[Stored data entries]
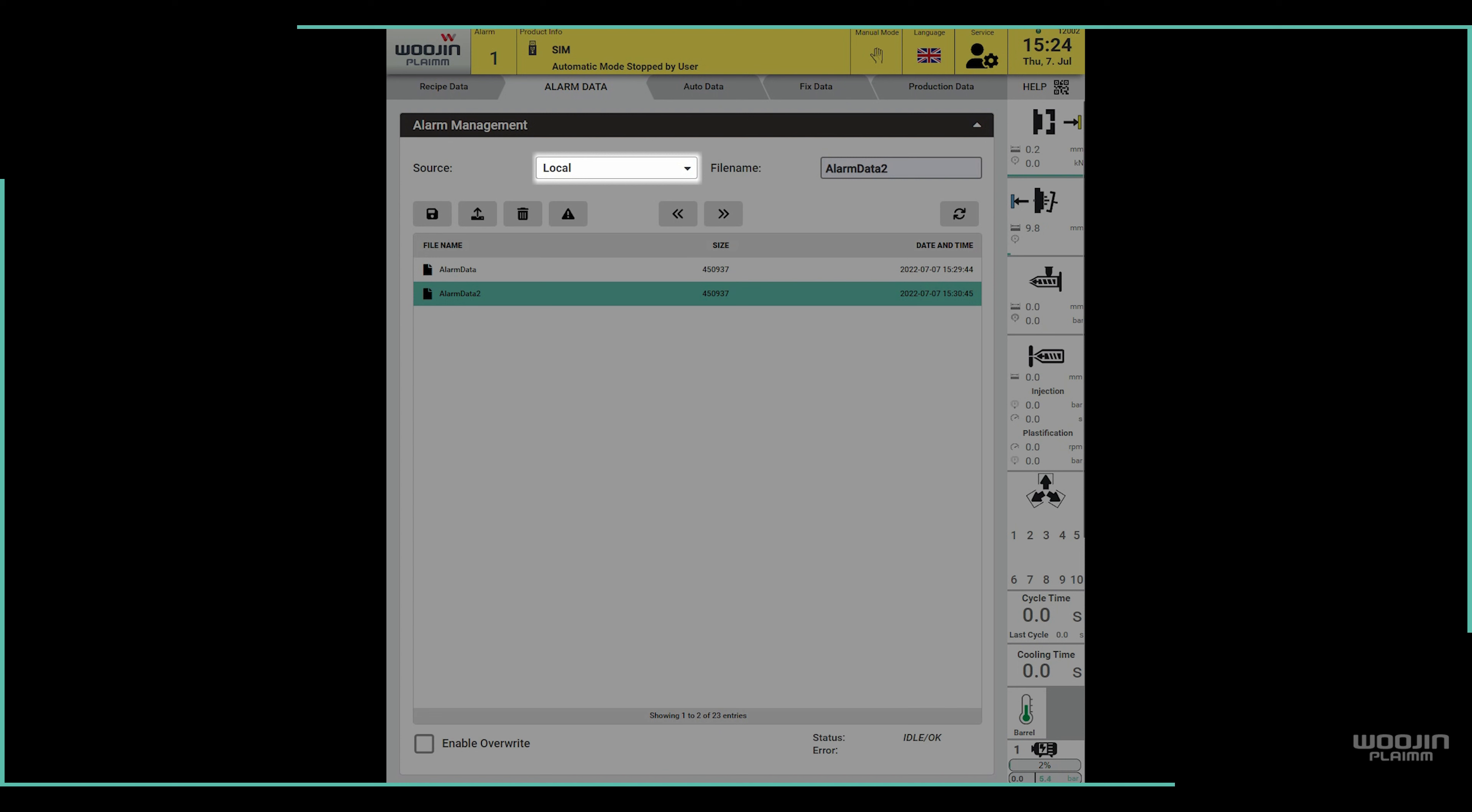It's also important to note that the source of alarm data can be set in the highlighted drop-down. The source can be local or an external USB disk.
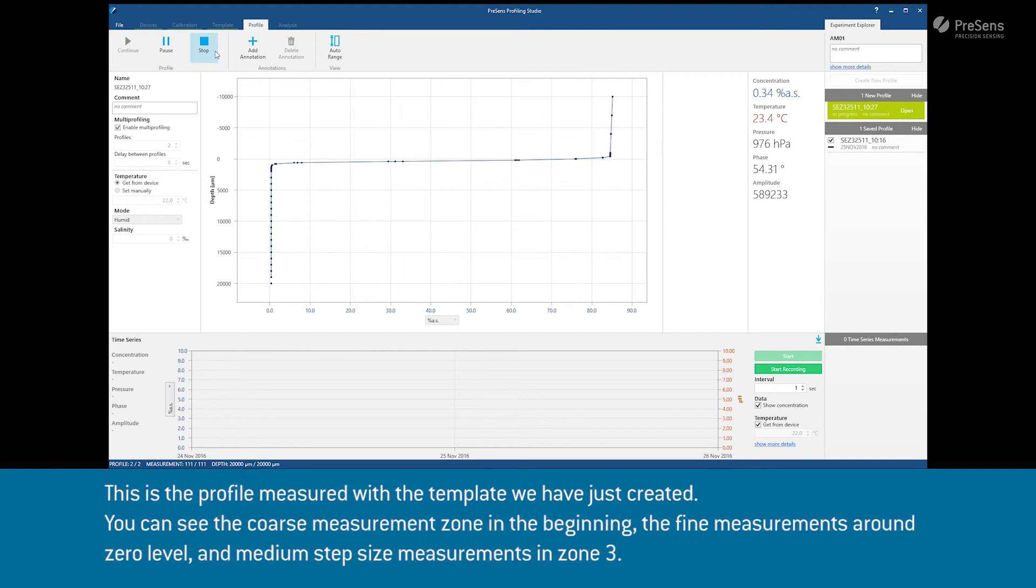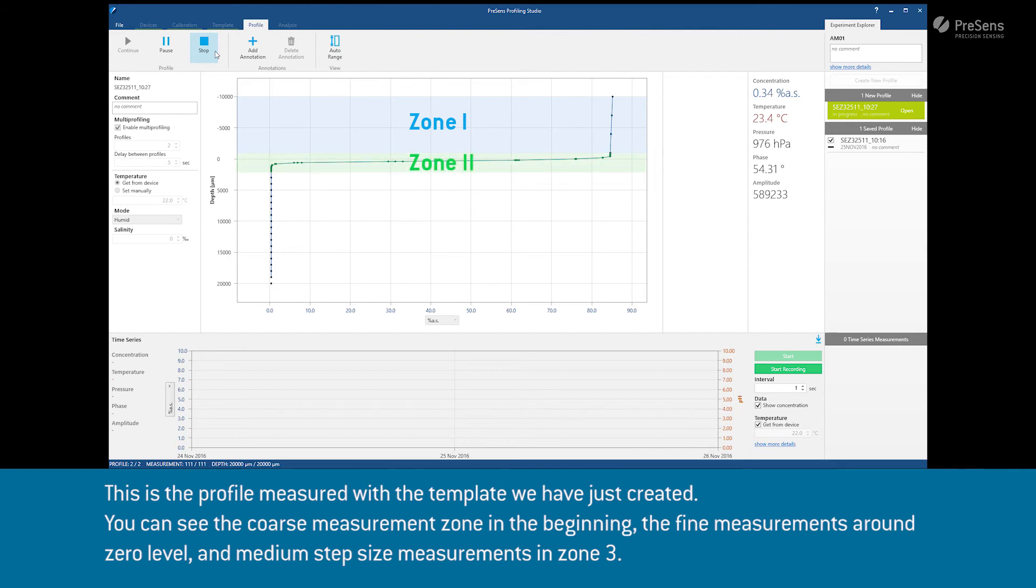This is the profile measured with the template we have just created. You can see the coarse measurements in the beginning, fine measurements around zero level and medium step size measurements in zone 3.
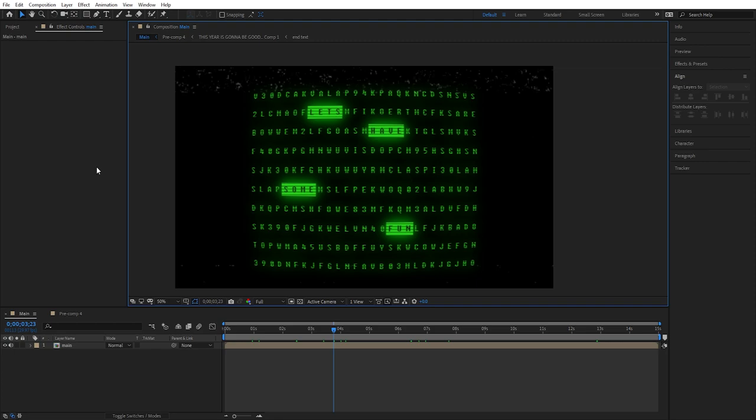In this video we're going to be taking a look at recreating some of the text effects from the Stranger Things Season 3 Announcement Trailer. Let's get into it.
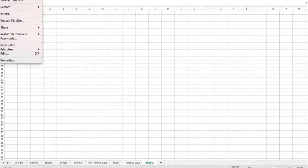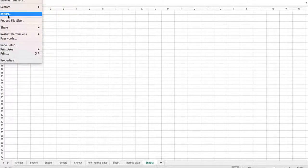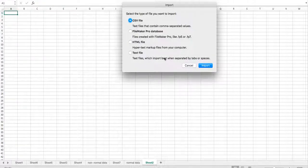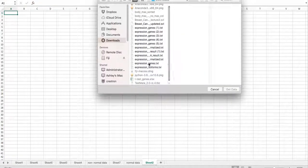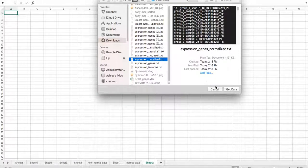Go up here to File, then Import, and select the normalized data.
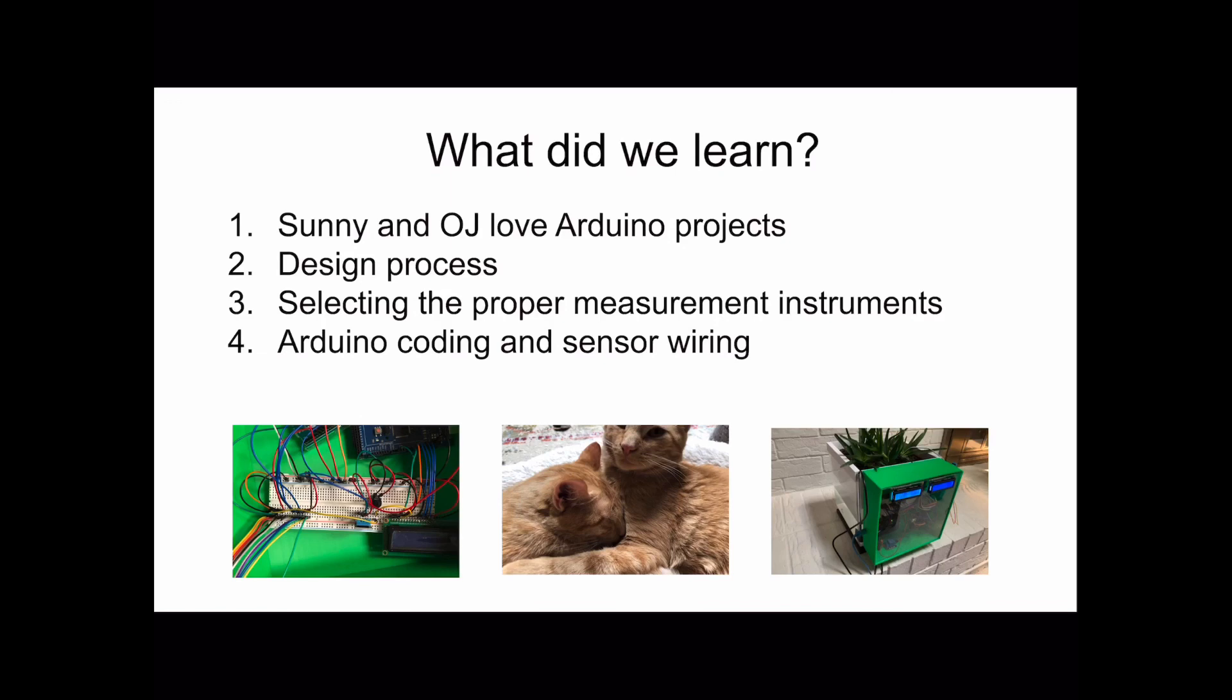Overall, this project was really fun and hopefully we get to do more like these in the future. Thank you.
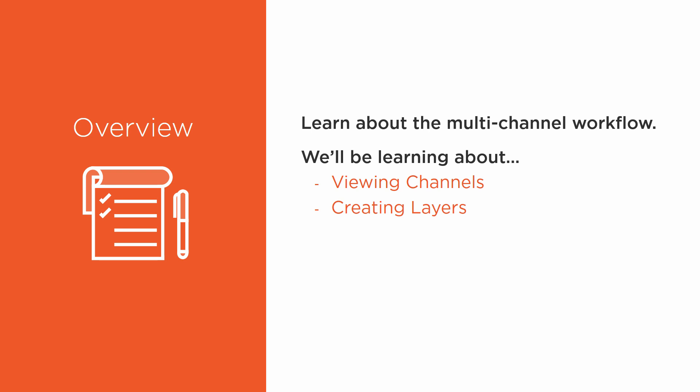Creating Layers, Shuffle Copy and Shuffle Copy Nodes—which don't be alarmed by how similar those sound at this point. I'm going to totally demystify that for you whether you've heard about them before or not. And we'll learn about compositing channels together.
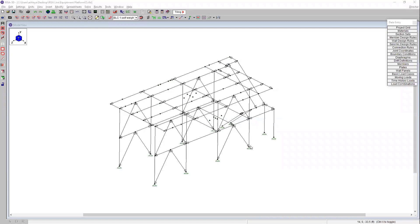I'm really excited to announce the release of the RESA Tecla Link version 10. This link is compatible with Tecla Structures version 2020. So go ahead and head to our website and download this link if you are currently using version 2020 of Tecla Structures.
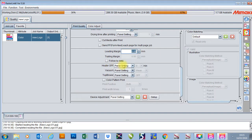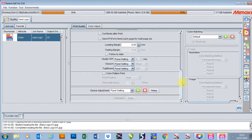Here we can turn our heaters off, change our vacuum settings, and also change blower settings as well if we have them. Once you've done this, you're ready to print.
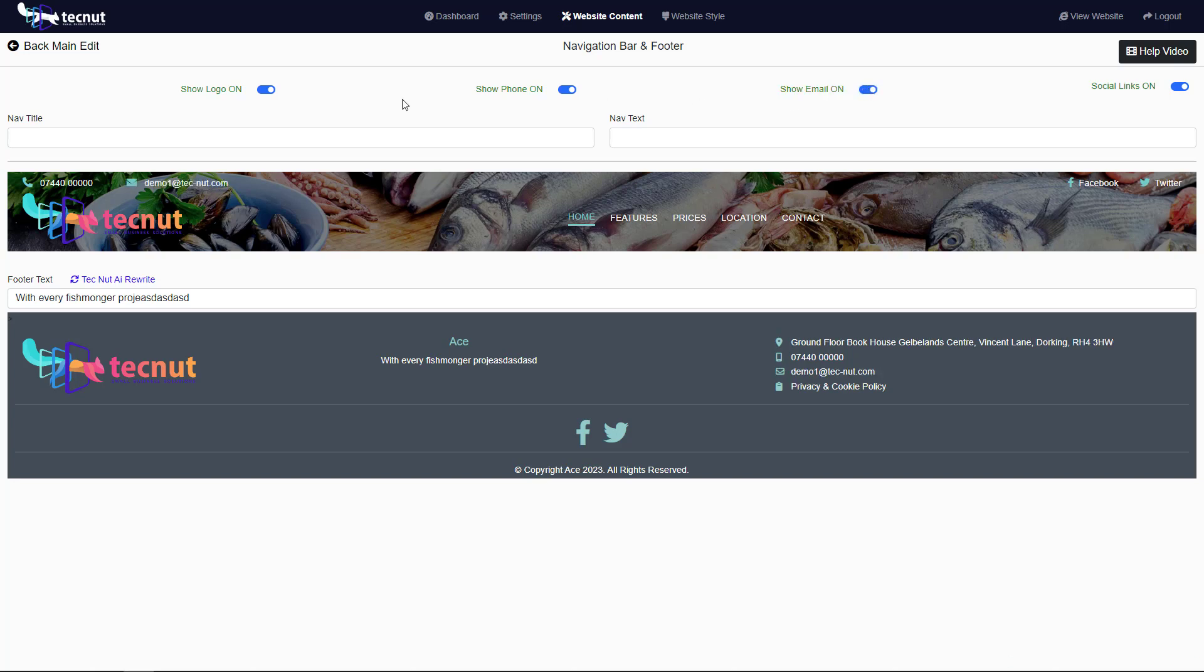Yeah, this area is pretty simple. Also watch a video on the settings on uploading your logos and stuff like that, so you can actually use this feature. Thanks a lot, guys. See you.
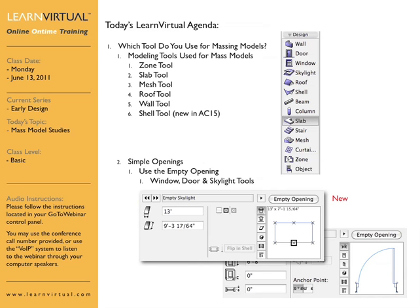In ArchiCAD there are a number of tools that can be used for doing massing, and each can have their own specific purpose and use depending upon what it is you're trying to do. There's no reason why you can't use a combination of each of these different tools.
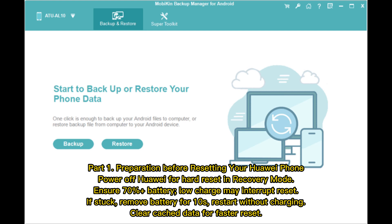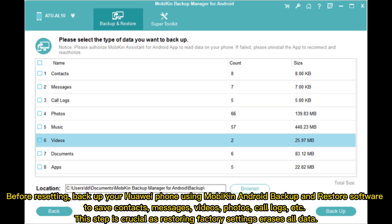Part one: preparation before resetting your Huawei phone. Power off your Huawei for a hard reset in recovery mode. Ensure 70% or more battery charge, as low charge may interrupt the reset. If stuck, remove the battery for 10 seconds and restart without charging. Clear cache data for a faster reset.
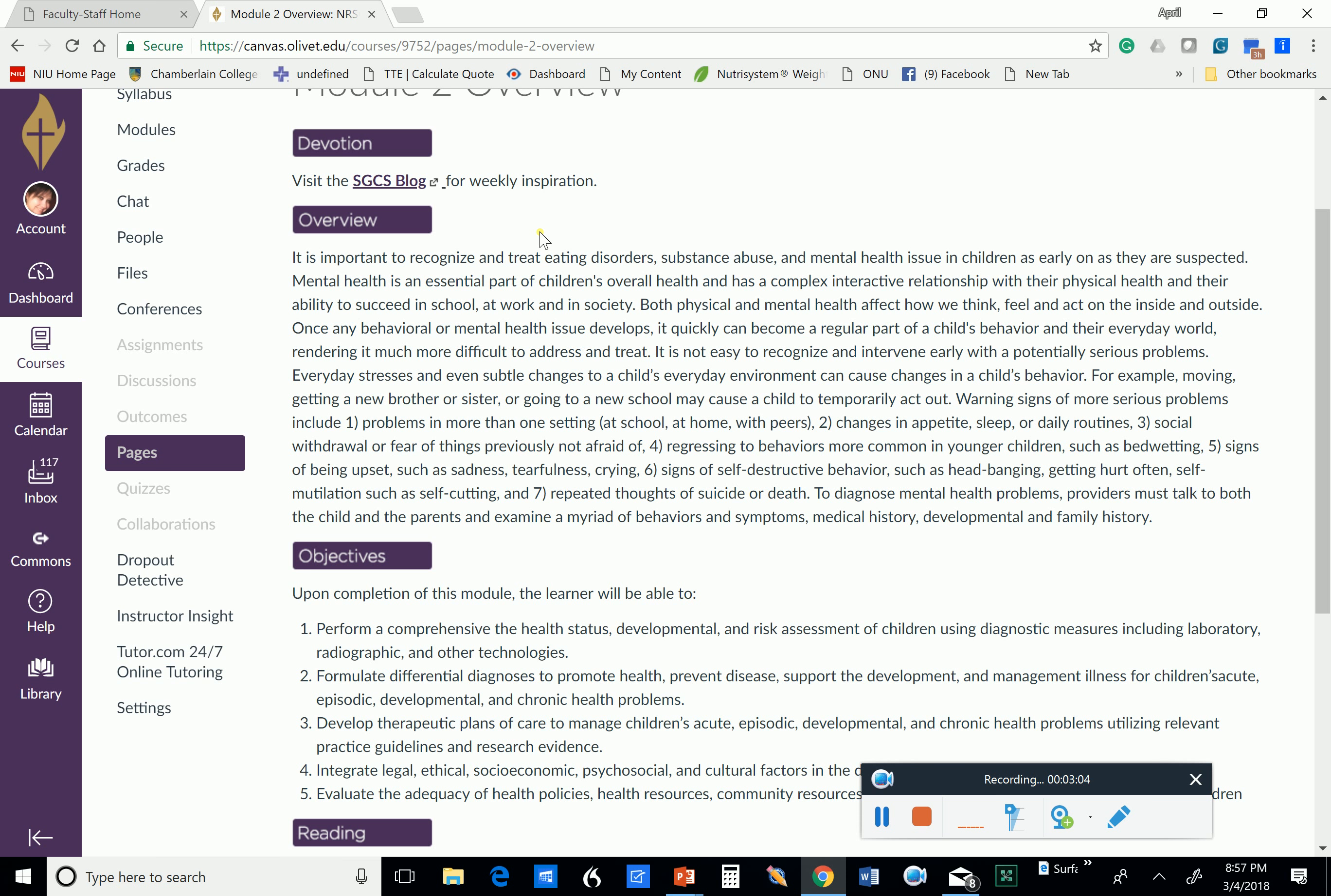sleep, or daily routines, social withdrawal, or fear of things that they were not previously afraid of. So all of a sudden, they don't want to go to piano lessons anymore, or they don't want to go to play soccer. Other signs you'll see is a regression to behaviors more common in younger children, like bedwetting, signs of being upset, such as sadness, tearfulness, and crying, self-destructive behavior. We're seeing this much more often now in those early and mid-teen years with people hurting themselves, with headbanging, cutting, self-mutilation.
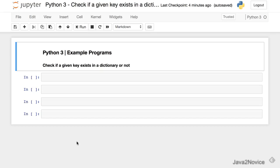In this session we will write Python code to verify if a given key exists in a dictionary or not.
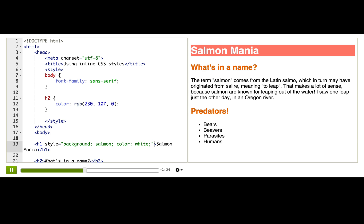It can be a little tricky to use inline styles at first, because you have to have valid CSS syntax inside valid HTML syntax, and keep track of which syntax is actually which, and keep them correct.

Required work> Would you give again, exactly, the lines in the data above that run from the line containing "Part one: preparation" to the line containing "In this session"? Include both ends and no pictures.

Written solution>
Part one: preparation before resetting your Huawei phone. Power off your Huawei for a hard reset in recovery mode. Ensure 70% or more battery charge, as low charge may interrupt the reset. If stuck, remove the battery for 10 seconds and restart without charging. Clear cache data for a faster reset.
sleep, or daily routines, social withdrawal, or fear of things that they were not previously afraid of. So all of a sudden, they don't want to go to piano lessons anymore, or they don't want to go to play soccer. Other signs you'll see is a regression to behaviors more common in younger children, like bedwetting, signs of being upset, such as sadness, tearfulness, and crying, self-destructive behavior. We're seeing this much more often now in those early and mid-teen years with people hurting themselves, with headbanging, cutting, self-mutilation.
In this session we will write Python code to verify if a given key exists in a dictionary or not.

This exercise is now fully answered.